Lolita has a handful of popular subgenres. Some, like classic lolita, emulate a demure tea party look. Others, like Goldenfeld’s preferred gothic lolita, embody the dark grandeur of 18th century Gothic aesthetics.
While October makes the graveyard visit especially seasonal, neither of Goldenfeld’s interests in gothic lolita or graveyards are limited to the season. Goldenfeld wears lolita year-round, in the same situations anybody else would wear a favorite outfit.
“I know it looks funky, but it’s clothes … Lolita isn’t a costume, it’s a fashion style,” Goldenfeld said. “I love Halloween, but I wouldn’t wear lolita to a costume party.”
Goldenfeld also visits graveyards in the summer, which is when she discovered the graveyard she picnicked at.
“If I find one I really like, I’ll sit in it and listen to music, take some pictures,” Goldenfeld said. “It’s a nice way to relax. ”

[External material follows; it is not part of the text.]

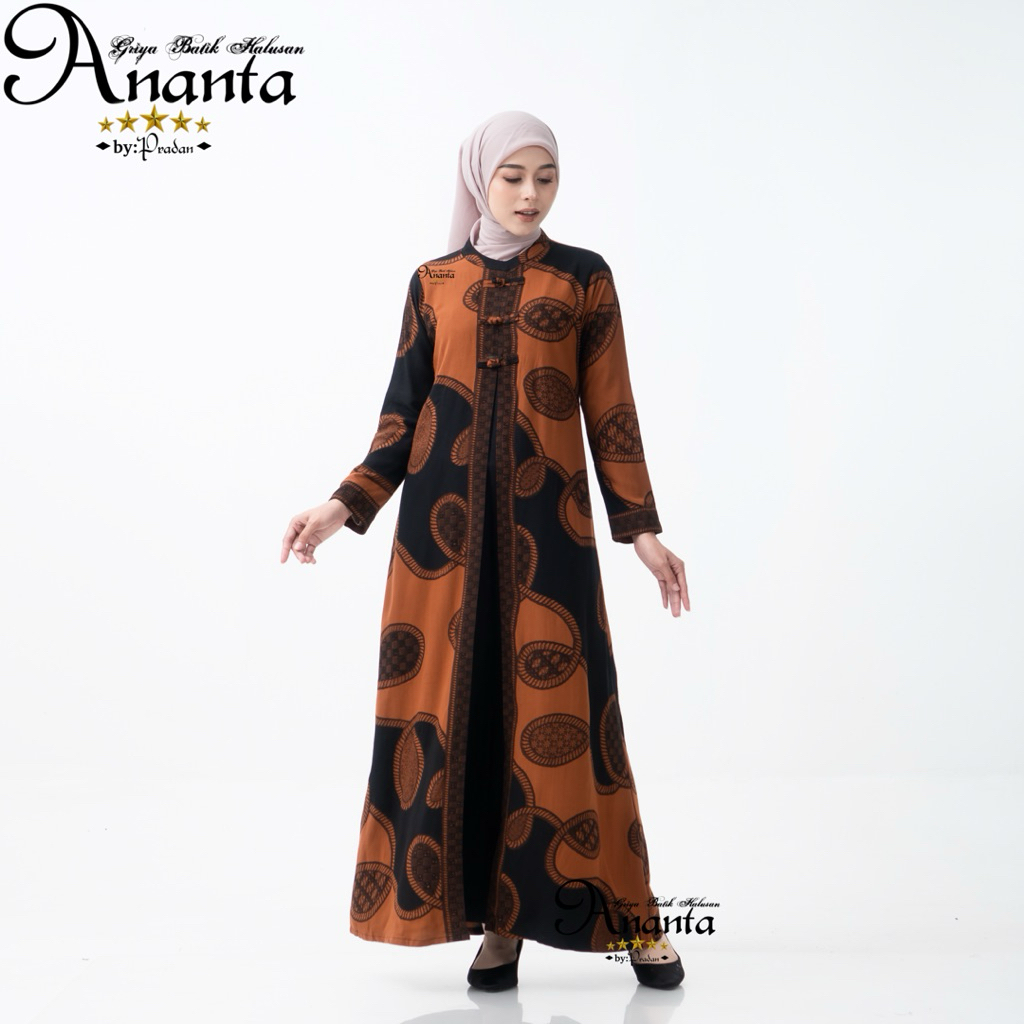 Batik Ananta Gamis Wanita EXCLUSIVE LUXURY EXCELLENT | Gamis Batik Halusan Exclusive Luxury Excellen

Ava des Mortes, a goth makeup artist from Georgia who has visited numerous cemeteries and recently went on a graveyard picnic with her boyfriend, said she has been previously criticized by other goth people for posing with headstones in a photo.
“The particular photo was taken at a gravesite that was no longer being used anymore, so I didn’t feel as though I was being disrespectful … I never walk on graves or deface them,” Mortes said.
For Mortes, the negative reaction from some people in her subculture caught her off guard.
“Goths and graveyards have gone hand in hand since the beginning of being goth, so I was very confused as to why I was getting such heated comments from other goths,” Mortes said. “They were the last people I had actually expected to receive this kind of backlash from.”
For Mortes, the architecture within graveyards deserves to be celebrated. One of her most frequented burial grounds is the Rose Hill Cemetery in Georgia.
“There are many obelisks, beautiful life-sized angels, crosses the size of SUVs and gorgeous lifelike tapestries carved from stone,” Mortes said. “Rose Hill has always seemed otherworldly to me. Dark and beautiful.”
Goldenfeld also finds merit in the local graveyards around the University.
“Graveyards are peaceful, quiet,” Goldenfeld said. “There’s a certain serenity about it. The older and more run down it is, the more nature is integrated into the graveyard, like moss on the gravestones, or trees growing in the middle of it, the more I’m attracted to it … I know sometimes living in this town can be a little boring and tedious. And there isn’t necessarily that much to do, but I think there’s a beauty to the landscape and the corn and the old barns. That sort of thing.”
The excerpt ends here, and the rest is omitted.